- GOAL OF THE EXERCISE: Your answer should consist only of the lines below from the one with "Pulse Carrier" through the one with "Stock Chart for HGRW:CA", copied exactly.

- Short web captions:
== == ==
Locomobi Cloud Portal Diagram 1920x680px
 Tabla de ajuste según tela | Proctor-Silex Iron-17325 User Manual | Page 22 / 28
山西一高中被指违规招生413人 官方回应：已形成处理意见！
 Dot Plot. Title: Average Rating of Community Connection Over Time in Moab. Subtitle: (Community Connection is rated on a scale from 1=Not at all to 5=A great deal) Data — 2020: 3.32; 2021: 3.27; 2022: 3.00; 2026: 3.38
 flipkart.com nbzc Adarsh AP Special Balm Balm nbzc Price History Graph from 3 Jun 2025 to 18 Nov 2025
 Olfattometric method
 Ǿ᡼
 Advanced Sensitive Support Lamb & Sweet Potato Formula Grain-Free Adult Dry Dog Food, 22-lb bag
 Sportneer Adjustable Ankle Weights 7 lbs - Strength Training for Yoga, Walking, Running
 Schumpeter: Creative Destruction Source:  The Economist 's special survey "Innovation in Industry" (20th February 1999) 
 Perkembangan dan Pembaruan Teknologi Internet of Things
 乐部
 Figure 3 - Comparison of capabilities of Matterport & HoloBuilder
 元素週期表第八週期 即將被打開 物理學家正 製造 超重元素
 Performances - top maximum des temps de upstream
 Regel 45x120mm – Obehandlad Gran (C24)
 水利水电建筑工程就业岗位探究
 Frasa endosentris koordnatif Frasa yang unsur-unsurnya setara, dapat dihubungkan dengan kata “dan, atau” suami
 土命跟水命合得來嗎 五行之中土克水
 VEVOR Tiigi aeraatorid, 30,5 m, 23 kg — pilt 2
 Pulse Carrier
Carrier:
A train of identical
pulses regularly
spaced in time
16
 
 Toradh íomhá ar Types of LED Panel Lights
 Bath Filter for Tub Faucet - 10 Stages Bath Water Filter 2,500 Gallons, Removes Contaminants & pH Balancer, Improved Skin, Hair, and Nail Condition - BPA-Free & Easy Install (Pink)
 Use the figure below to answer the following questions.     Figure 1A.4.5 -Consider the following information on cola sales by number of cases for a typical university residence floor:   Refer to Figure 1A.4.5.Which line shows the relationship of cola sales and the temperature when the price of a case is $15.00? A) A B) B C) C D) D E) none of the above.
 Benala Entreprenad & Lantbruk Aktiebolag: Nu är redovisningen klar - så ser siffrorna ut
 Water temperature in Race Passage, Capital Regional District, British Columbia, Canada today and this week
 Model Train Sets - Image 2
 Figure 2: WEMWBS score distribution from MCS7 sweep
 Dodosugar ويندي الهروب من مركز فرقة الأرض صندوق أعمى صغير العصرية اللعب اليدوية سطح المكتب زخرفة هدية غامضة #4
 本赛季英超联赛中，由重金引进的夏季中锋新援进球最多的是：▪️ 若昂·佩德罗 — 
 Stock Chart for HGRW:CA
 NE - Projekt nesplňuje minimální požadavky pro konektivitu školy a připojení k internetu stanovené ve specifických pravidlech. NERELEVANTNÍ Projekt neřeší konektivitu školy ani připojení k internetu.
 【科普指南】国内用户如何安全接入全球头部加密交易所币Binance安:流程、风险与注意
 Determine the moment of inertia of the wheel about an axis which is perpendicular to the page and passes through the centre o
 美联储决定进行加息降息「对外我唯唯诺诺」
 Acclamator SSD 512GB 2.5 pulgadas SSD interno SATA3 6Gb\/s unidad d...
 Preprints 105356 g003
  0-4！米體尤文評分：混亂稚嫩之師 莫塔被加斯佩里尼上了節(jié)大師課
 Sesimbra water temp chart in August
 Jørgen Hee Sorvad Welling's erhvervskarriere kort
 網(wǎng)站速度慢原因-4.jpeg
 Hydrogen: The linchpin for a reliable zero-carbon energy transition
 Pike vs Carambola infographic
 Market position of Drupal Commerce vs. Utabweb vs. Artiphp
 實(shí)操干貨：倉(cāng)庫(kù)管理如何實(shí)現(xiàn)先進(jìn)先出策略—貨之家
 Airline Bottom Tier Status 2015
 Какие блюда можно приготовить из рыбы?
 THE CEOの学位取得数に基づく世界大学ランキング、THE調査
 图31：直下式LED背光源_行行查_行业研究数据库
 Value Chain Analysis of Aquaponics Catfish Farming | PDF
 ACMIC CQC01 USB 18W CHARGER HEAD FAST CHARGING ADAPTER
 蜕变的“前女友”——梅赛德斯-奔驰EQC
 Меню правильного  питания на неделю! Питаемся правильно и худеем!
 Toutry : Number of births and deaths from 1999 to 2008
== == ==
- OUTPUT OF THE EXERCISE:
 Pulse Carrier
Carrier:
A train of identical
pulses regularly
spaced in time
16
 
 Toradh íomhá ar Types of LED Panel Lights
 Bath Filter for Tub Faucet - 10 Stages Bath Water Filter 2,500 Gallons, Removes Contaminants & pH Balancer, Improved Skin, Hair, and Nail Condition - BPA-Free & Easy Install (Pink)
 Use the figure below to answer the following questions.     Figure 1A.4.5 -Consider the following information on cola sales by number of cases for a typical university residence floor:   Refer to Figure 1A.4.5.Which line shows the relationship of cola sales and the temperature when the price of a case is $15.00? A) A B) B C) C D) D E) none of the above.
 Benala Entreprenad & Lantbruk Aktiebolag: Nu är redovisningen klar - så ser siffrorna ut
 Water temperature in Race Passage, Capital Regional District, British Columbia, Canada today and this week
 Model Train Sets - Image 2
 Figure 2: WEMWBS score distribution from MCS7 sweep
 Dodosugar ويندي الهروب من مركز فرقة الأرض صندوق أعمى صغير العصرية اللعب اليدوية سطح المكتب زخرفة هدية غامضة #4
 本赛季英超联赛中，由重金引进的夏季中锋新援进球最多的是：▪️ 若昂·佩德罗 — 
 Stock Chart for HGRW:CA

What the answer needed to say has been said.